Europe will suffer badly from climate change
by Dean Carroll
With world leaders preparing to meet in South Africa next week in an attempt to create a new United Nations deal to reduce global carbon emissions and replace the Kyoto Protocol, which ends in 2012, a prominent scientist has urged politicians to "get out of the discussion room and look at what is coming". Speaking at the SciTechEurope conference in Brussels, organised by Public Service Events, Professor Colin Jones told governments to think beyond five-year election cycles so that an effective long-term intergovernmental deal could be put in place quickly – before it was too late to save the planet.
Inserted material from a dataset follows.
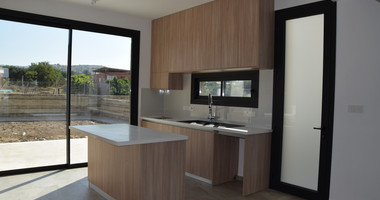 For sale, detached three Bedroom Villas in Yeroskipou, Paphos – Peaceful & Modern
Jones, who is head of the European Commission's € 7m Earth System Model Bias Reduction and Assessing Abrupt Climate Change project and director of the Rossby Centre at the Swedish government agency SMHI, admitted that the plan to limit global warming to a two degree increase was probably out of reach – adding that there was "a 1 per cent chance" that the target would be met. He warned policy-makers that temperatures increased last year at the most rapid rate ever recorded, due to man-made carbon emissions. "We are taking our planet into new territory, a place we have never been before, and we don't know what the outcome will be," said Jones. "The pace at which we are heading towards the cliff is accelerating; the rate of temperature change is very different to anything we have ever experienced before. We are going to hit the problem very soon so political leaders need to get out of the discussion room and look at what is coming. But governments have a short-term horizon because we have five-year election cycles. And society values economic principles above the environment we live in so it's easier to listen to the sceptic's message, which says 'you don't need to change anything."
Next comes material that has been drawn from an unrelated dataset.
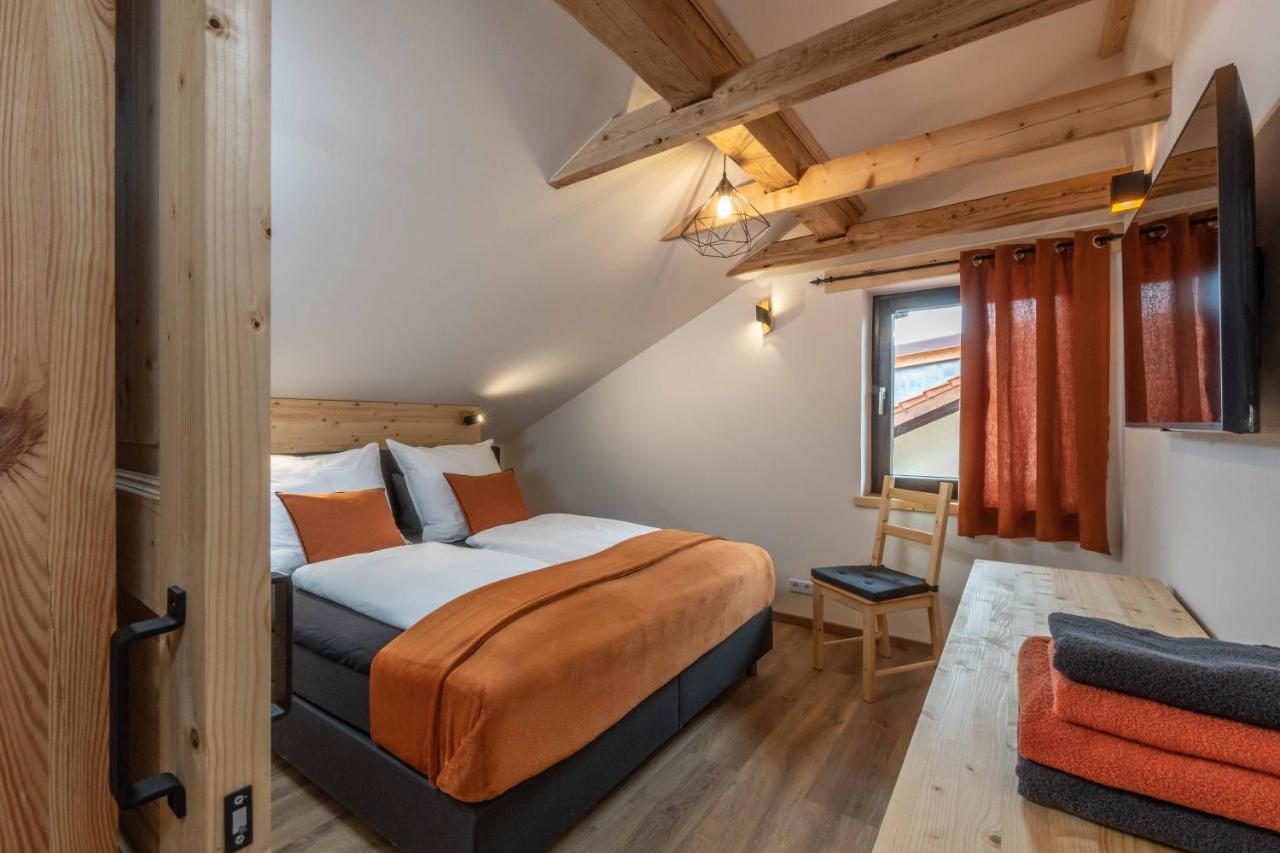 Ski-Bike-Apartment Bayerwald Lohberg Bagian luar foto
Overwhelming scientific data shows that there has been a dramatic rise in global temperatures since the 1960s, in close correlation with rising carbon emissions and industrialisation. And measurements through carbon dating, using ice cores, and calculations of the inconsistent spaces between tree rings have enabled researchers to chart approximate data back through thousands of years. But despite the weight of academic evidence, sceptics put any warming down to natural changes triggered by increased solar activity and sunspots. Another leak of emails from the University of East Anglia, in the United Kingdom, last week purported to throw further doubt on the scientific consensus - which backs the theory of anthropogenic climate change. But Jones dismissed the leak and insisted it was simply a rehash of the same messages that were previously leaked.
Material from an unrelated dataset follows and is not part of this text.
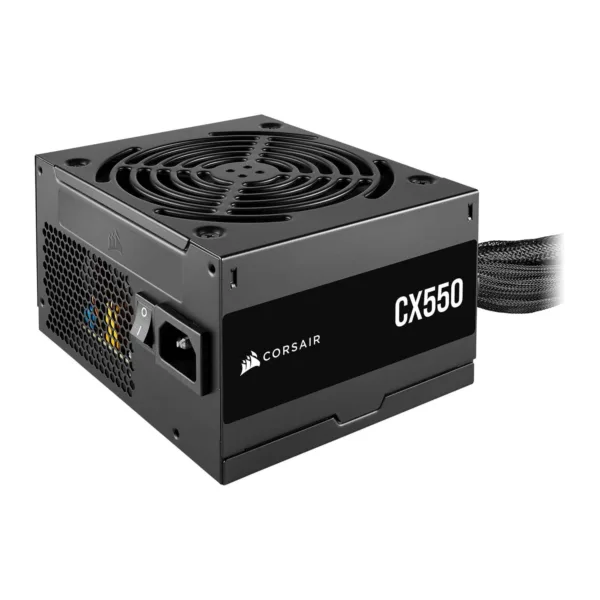 Corsair CX550 Series 550w 80 Plus Bronze ATX Power Supply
In a dark warning to Europe, he claimed that the Mediterranean region was already starting "to dry out" – with warming meaning the wet areas would become wetter and dry areas would become drier, as a result of "feedback loops". He explained: "The Med region will see intense water supply problems in the future. The amplification is caused by feedback processes. Also, we might see a thaw of the permafrost in northern latitudes, releasing more carbon dioxide and methane. And we know that the Arctic sea ice has been thinning since 1984 – much of it is not there in the summer now. In addition, carbon sinks like the Amazon may become less efficient as the atmosphere changes in a warmer world. The acidity of the ocean has been changing solidly for the past 20 years and coral reefs are starting to die."
Commentators suggest there is little hope of a new deal being struck by the UN, in South Africa. The conflict between developing nations, which want to continue their industrialisation at an exponential rate even if carbon emissions rise as a result, and developed nations leading the charge for CO2 reduction is unlikely to end anytime soon. With the economic crisis, some politicians are even calling for Europe to relinquish its role as a leading player in tackling climate change – suggesting that environmental regulation and green taxes will be too much for the continent's fragile finances to bear in light of the eurozone crisis.
Earlier, Professor Anthony Ryan of Sheffield University – chairing the SciTech conference – told delegates that harnessing solar power and embracing GM foods was the only way life could be sustained for a rapidly expanding global population that had already reached seven billion. "This is a new geological period dominated by human beings," said Ryan. "The world is in crisis, there are too many people and not enough food. There is not enough energy and too much environmental destruction as well as climate change and unsustainable economic growth. We are squeezing the earth's resources as air quality is getting worse and oil and gas are running out. All of these things have to be linked to policy and economics if we are to find solutions."
Superstition, omen worship, sacrificing goats and witch burning combined are no match to the absurdity of this advanced stage of human achievement regarding the powers of the cosmos as being weak, fragile and delicate and in need of human stewardship. Nature laughs at humans regarding themselves as immortal gods because if we too can boil planets, so too are we immortal Gods with the powers of gods. Climate change wasn't about a changing climate; it was about controlling a changing climate.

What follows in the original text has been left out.